Build an end-to-end data pipeline in Databricks

This article provides an example of creating and deploying an end-to-end data processing pipeline, including ingesting raw data, transforming the data, and running analyses on the processed data.

What is a data pipeline?

A data pipeline implements the steps required to move data from source systems, transform that data based on requirements, and store the data in a target system. A data pipeline includes all the processes necessary to turn raw data into prepared data that users can consume. For example, a data pipeline might prepare data so data analysts and data scientists can extract value from the data through analysis and reporting.

An extract, transform, and load (ETL) workflow is a common example of a data pipeline. In ETL processing, data is ingested from source systems and written to a staging area, transformed based on requirements (ensuring data quality, deduplicating records, and so forth), and then written to a target system such as a data warehouse or data lake.

Data pipeline steps

To help you get started building data pipelines on Databricks, the example included in this article walks through creating a data processing workflow:

  • Use Databricks features to explore a raw dataset.

  • Create a Databricks notebook to ingest raw source data and write the raw data to a target table.

  • Create a Databricks notebook to transform the raw source data and write the transformed data to a target table.

  • Create a Databricks notebook to query the transformed data.

  • Automate the data pipeline with a Databricks job.

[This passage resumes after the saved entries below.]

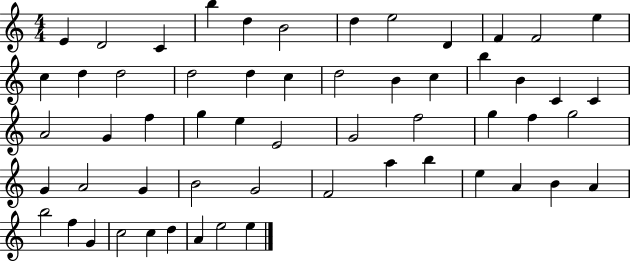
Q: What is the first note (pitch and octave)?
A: E4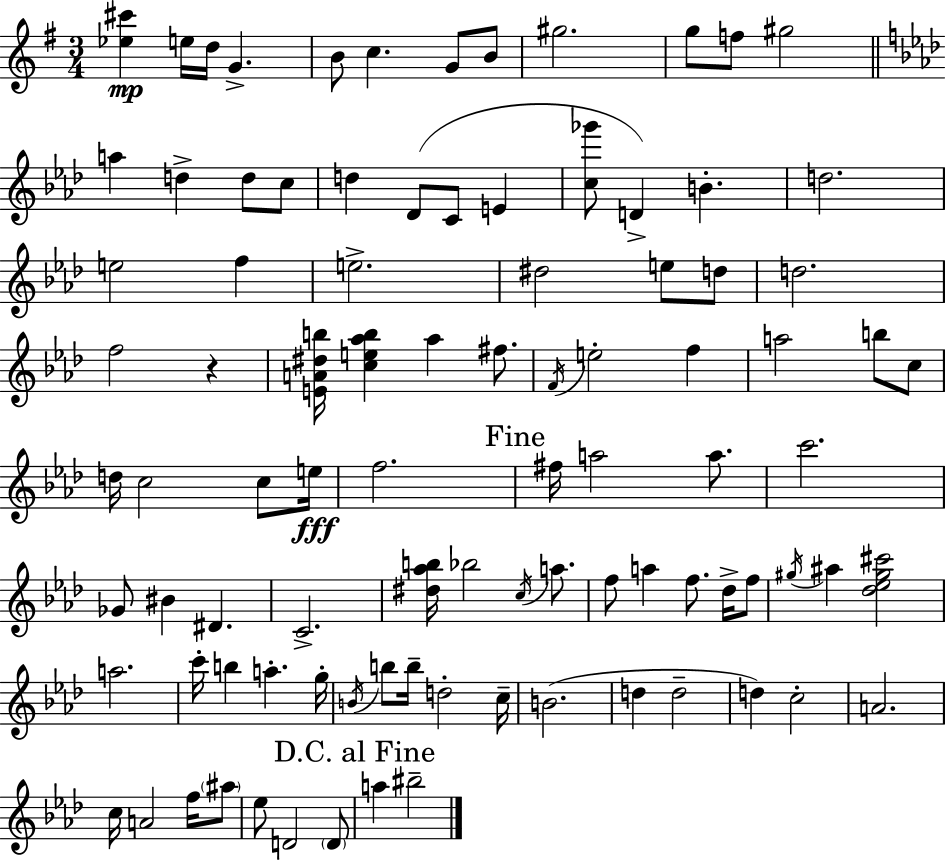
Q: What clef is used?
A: treble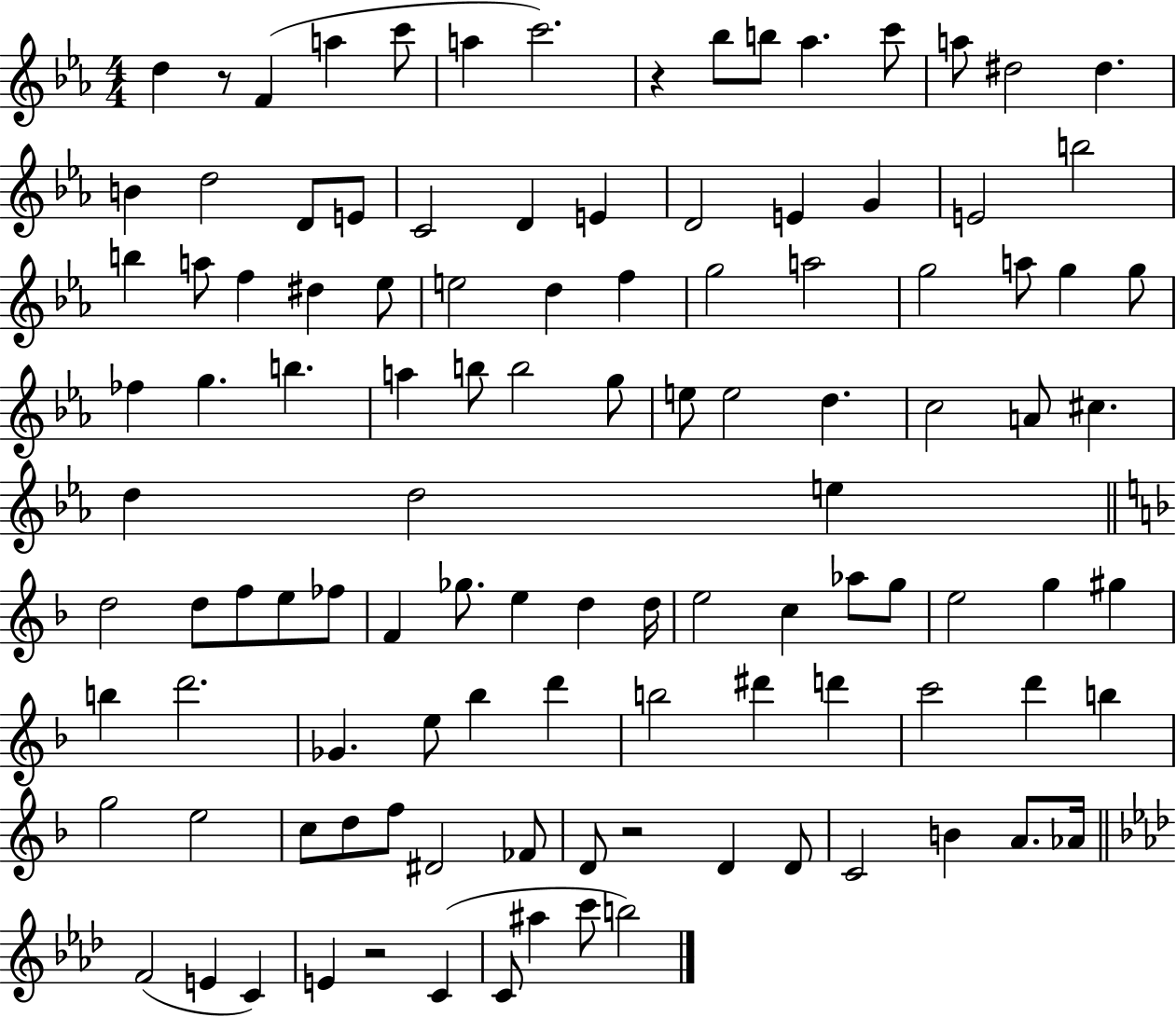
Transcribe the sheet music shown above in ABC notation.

X:1
T:Untitled
M:4/4
L:1/4
K:Eb
d z/2 F a c'/2 a c'2 z _b/2 b/2 _a c'/2 a/2 ^d2 ^d B d2 D/2 E/2 C2 D E D2 E G E2 b2 b a/2 f ^d _e/2 e2 d f g2 a2 g2 a/2 g g/2 _f g b a b/2 b2 g/2 e/2 e2 d c2 A/2 ^c d d2 e d2 d/2 f/2 e/2 _f/2 F _g/2 e d d/4 e2 c _a/2 g/2 e2 g ^g b d'2 _G e/2 _b d' b2 ^d' d' c'2 d' b g2 e2 c/2 d/2 f/2 ^D2 _F/2 D/2 z2 D D/2 C2 B A/2 _A/4 F2 E C E z2 C C/2 ^a c'/2 b2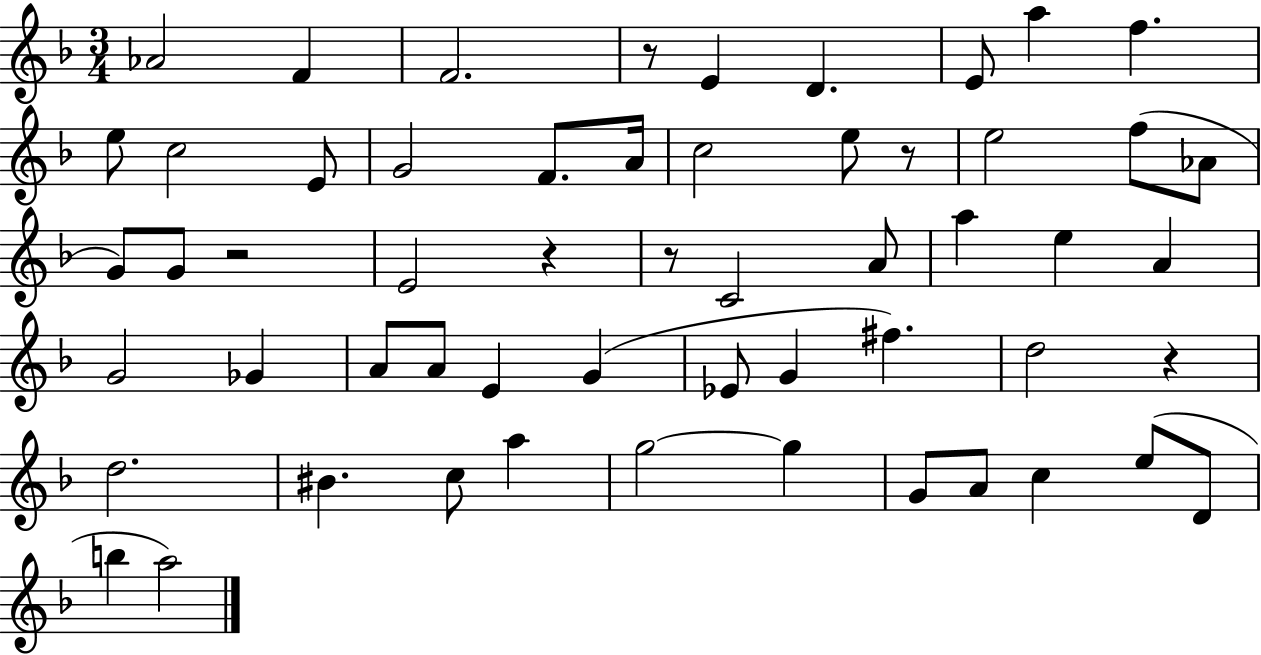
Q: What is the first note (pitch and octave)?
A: Ab4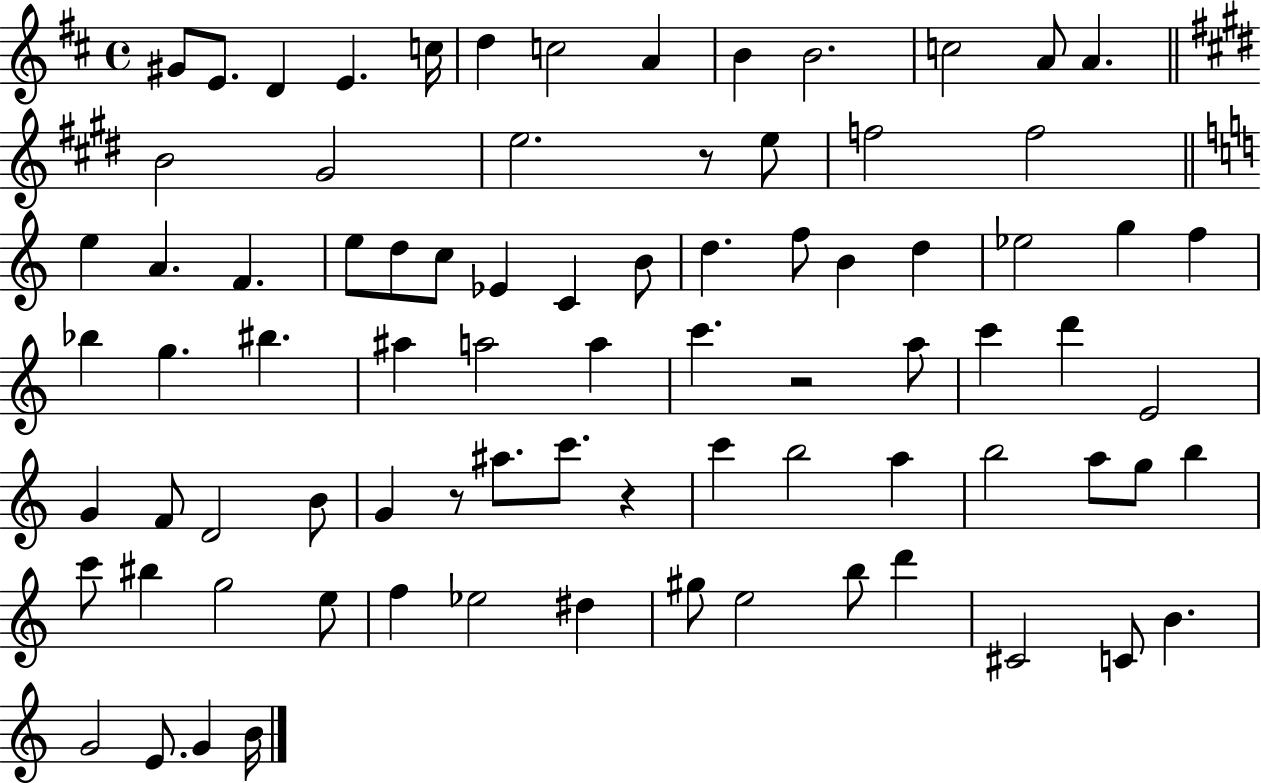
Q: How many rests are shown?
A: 4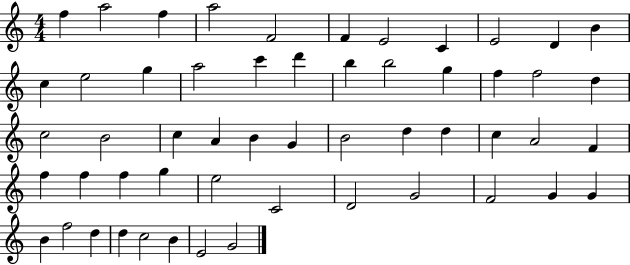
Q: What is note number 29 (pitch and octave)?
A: G4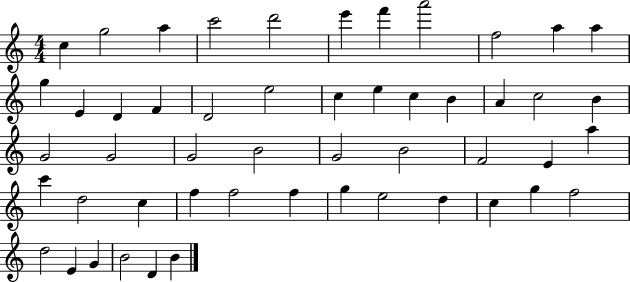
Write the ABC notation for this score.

X:1
T:Untitled
M:4/4
L:1/4
K:C
c g2 a c'2 d'2 e' f' a'2 f2 a a g E D F D2 e2 c e c B A c2 B G2 G2 G2 B2 G2 B2 F2 E a c' d2 c f f2 f g e2 d c g f2 d2 E G B2 D B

Databricks also provides Delta Live Tables to facilitate the implementation of data processing pipelines. Delta Live Tables is a framework that provides a declarative interface for implementing data processing pipelines. This article demonstrates how you can create a complete data pipeline using Databricks notebooks and a Databricks job to orchestrate a workflow, but Databricks recommends using Delta Live Tables to build reliable, maintainable, and testable data processing pipelines.

Requirements

Note

If you do not have cluster create permissions, you can still complete most of the steps below as long as you have access to a cluster.

Example: Million Song dataset

The dataset used in this example is a subset of the Million Song Dataset, a collection of features and metadata for contemporary music tracks. This dataset is available in the sample datasets included in your Databricks workspace.

Step 1: Create a cluster

To perform the data processing and analysis in this example, create a cluster to provide the compute resources needed to run commands.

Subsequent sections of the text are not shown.